[PROBLEM]
Could you print, exactly and without pictures, only the lines from the one with "أمراض اللثة تزيد" through the end of the records below?
____________
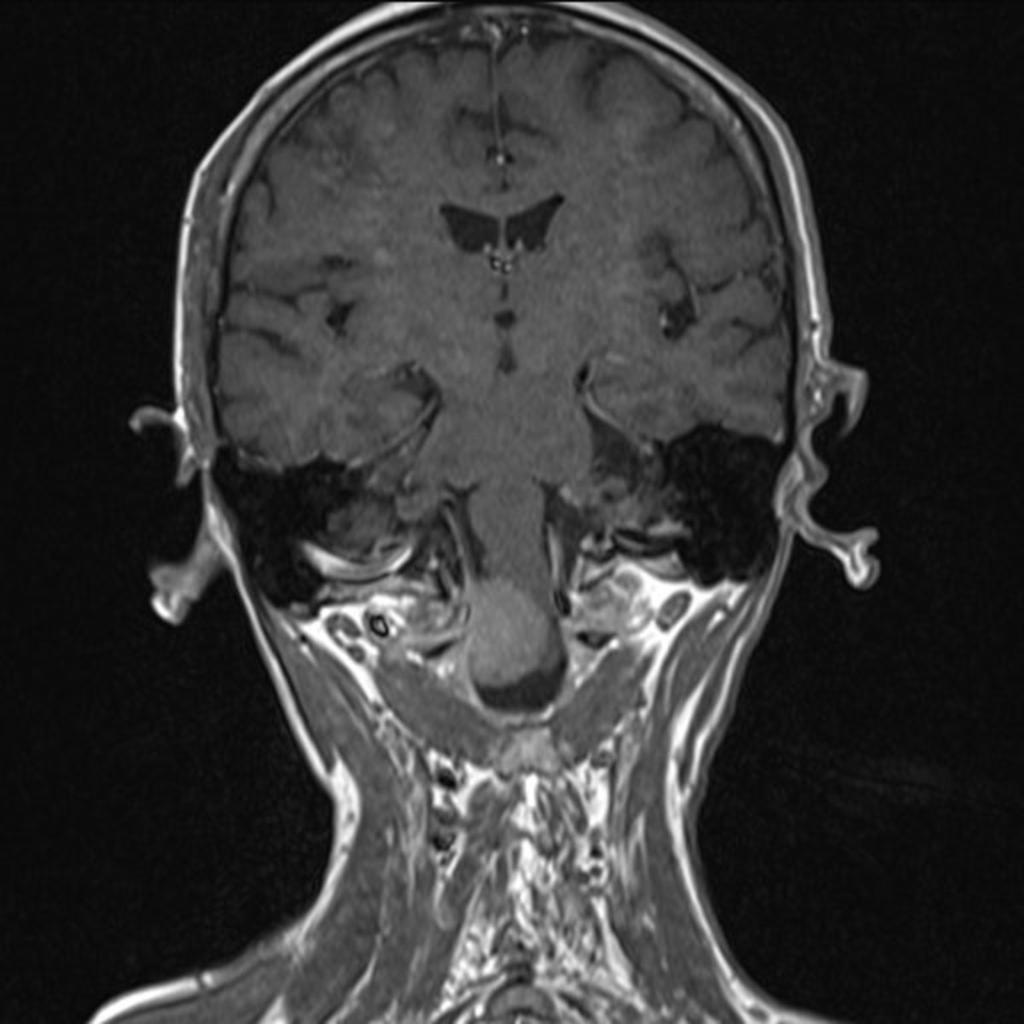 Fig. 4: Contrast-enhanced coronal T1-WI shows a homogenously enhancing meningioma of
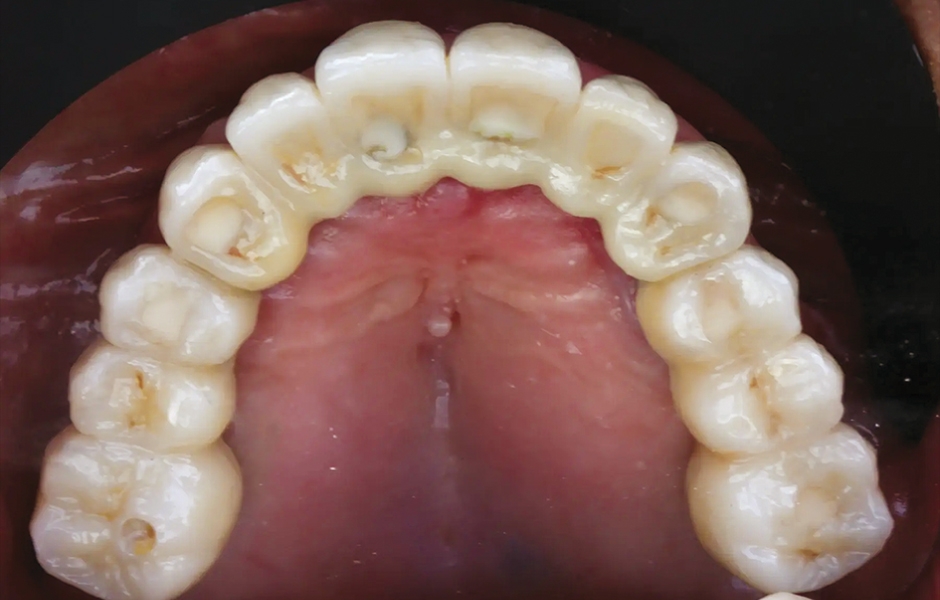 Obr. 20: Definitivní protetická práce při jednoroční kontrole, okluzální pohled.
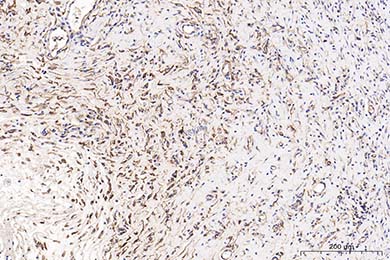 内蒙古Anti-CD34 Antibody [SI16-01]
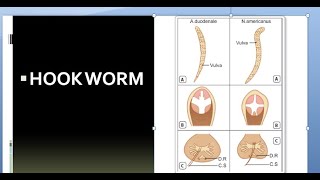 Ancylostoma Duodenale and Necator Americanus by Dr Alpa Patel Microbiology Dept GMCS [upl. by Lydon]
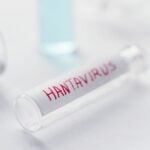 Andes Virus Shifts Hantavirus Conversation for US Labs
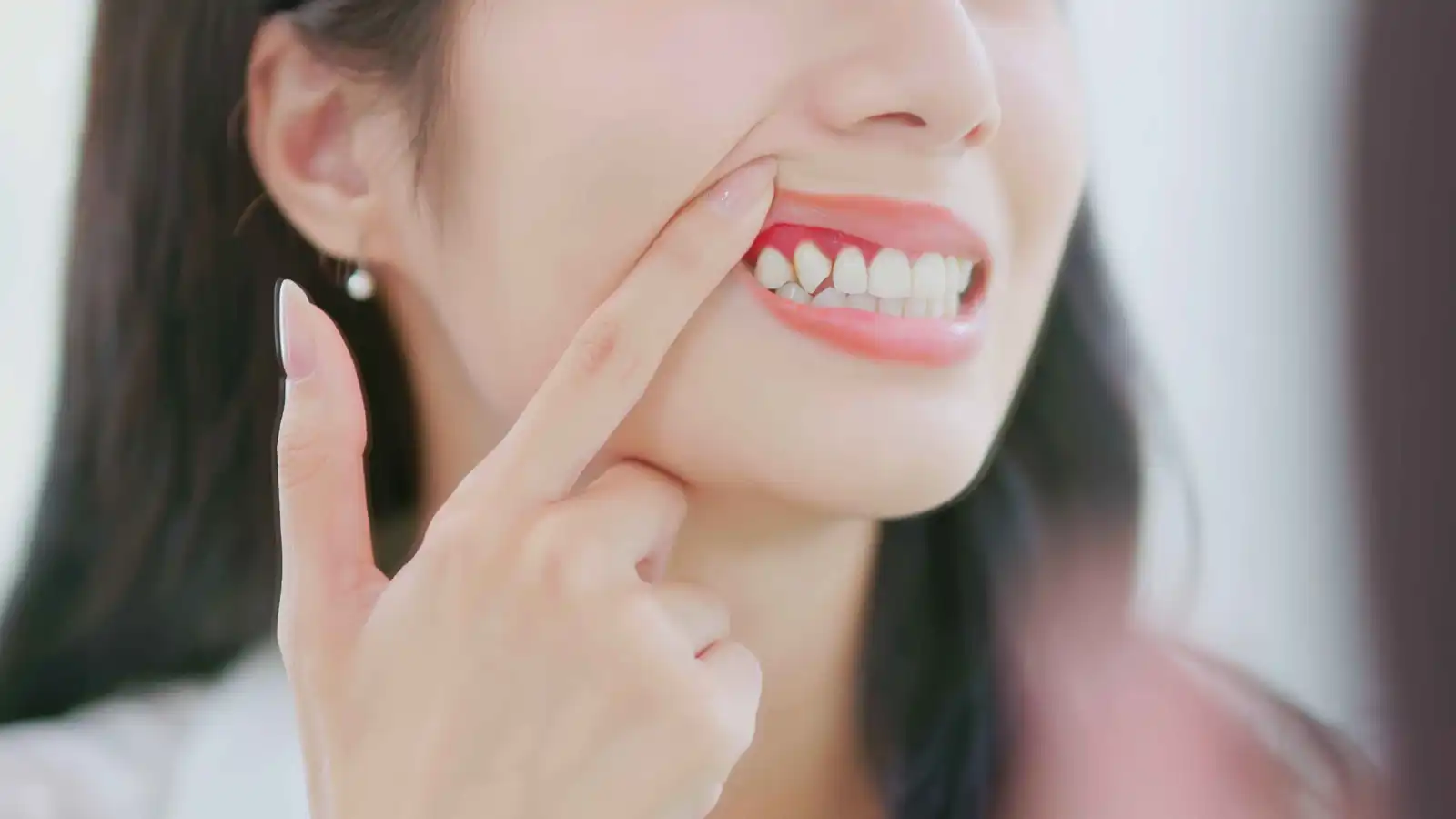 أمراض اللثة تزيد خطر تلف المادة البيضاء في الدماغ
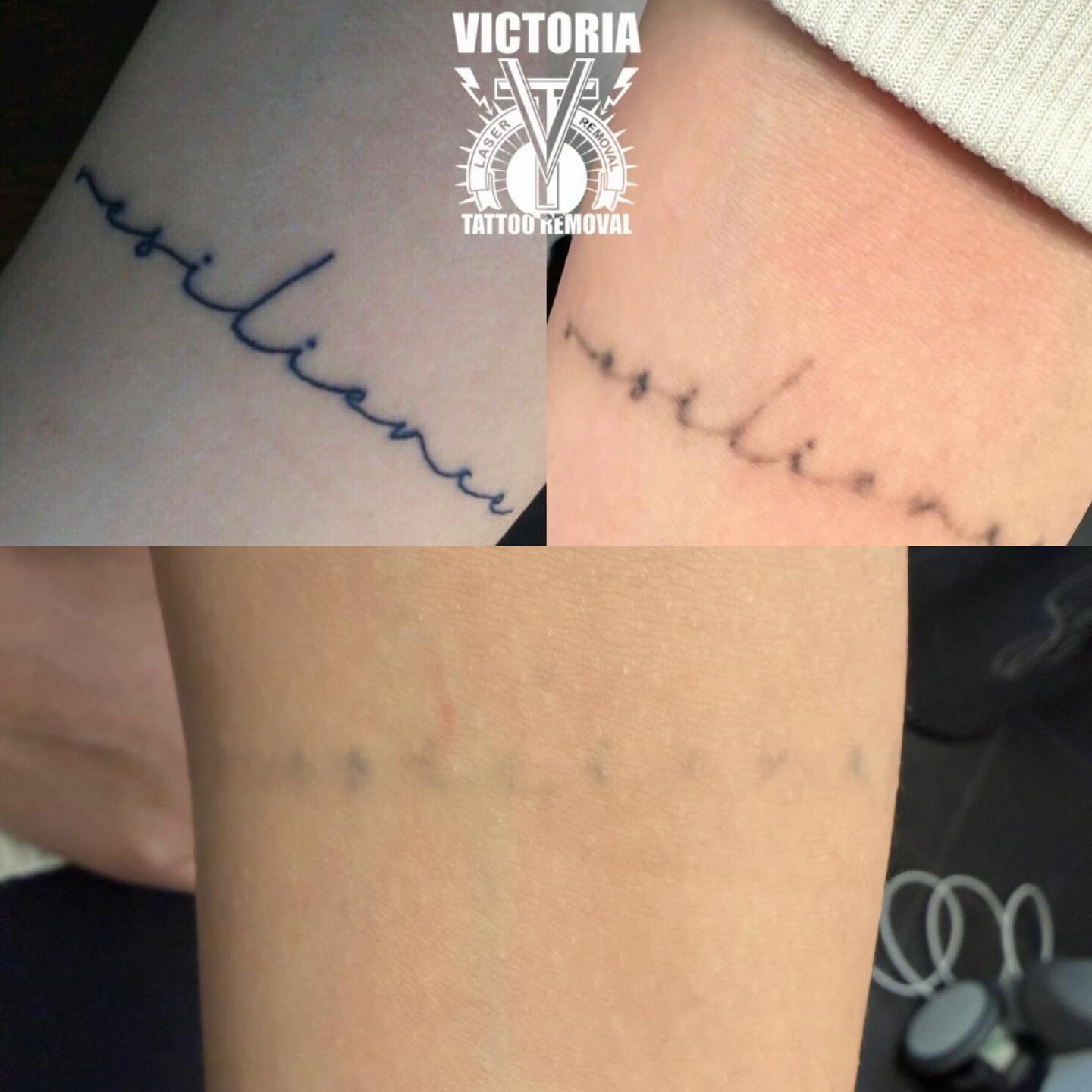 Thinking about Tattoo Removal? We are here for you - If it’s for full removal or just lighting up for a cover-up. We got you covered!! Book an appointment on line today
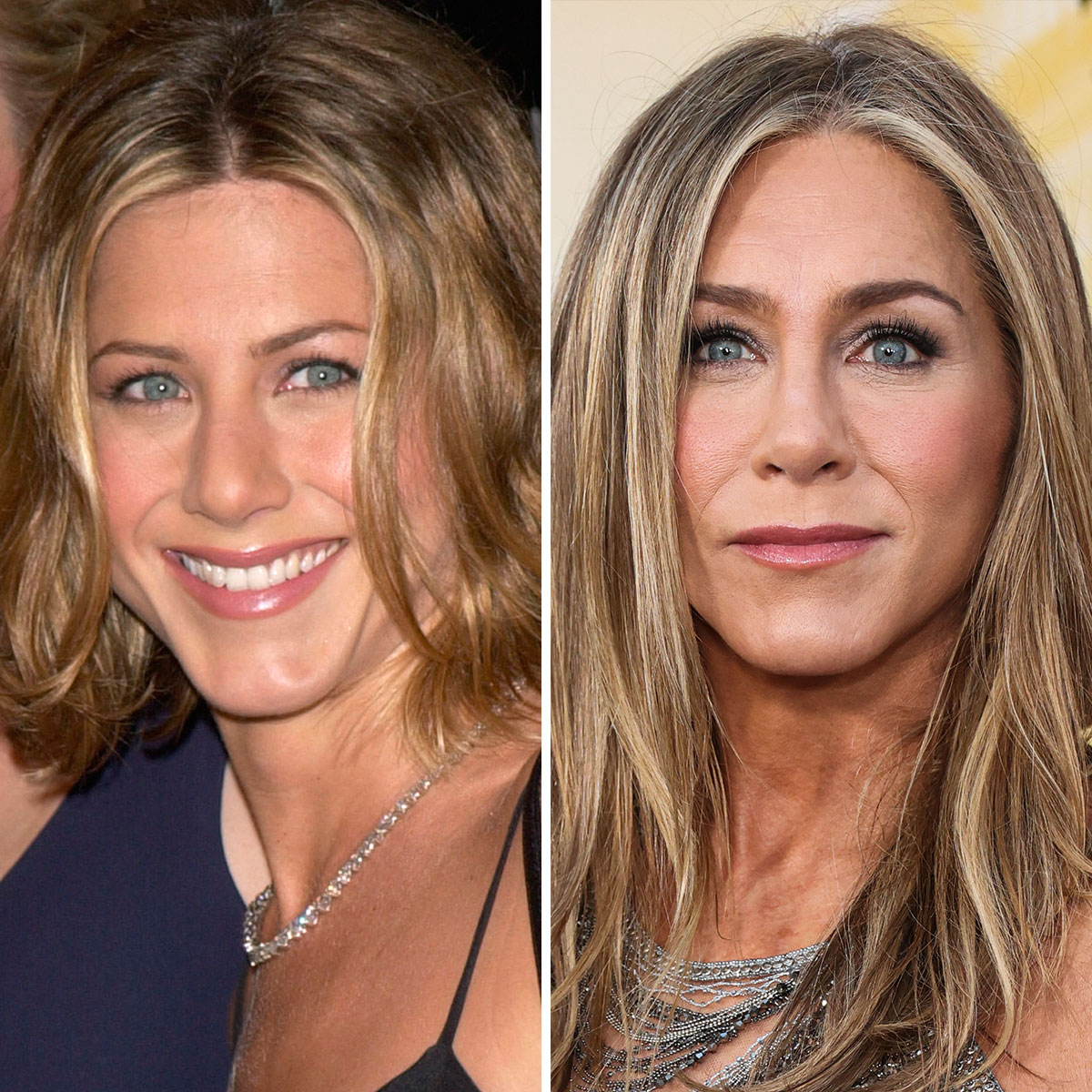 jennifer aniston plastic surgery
____________
[SOLVED PROBLEM]
 أمراض اللثة تزيد خطر تلف المادة البيضاء في الدماغ
 Thinking about Tattoo Removal? We are here for you - If it’s for full removal or just lighting up for a cover-up. We got you covered!! Book an appointment on line today
 jennifer aniston plastic surgery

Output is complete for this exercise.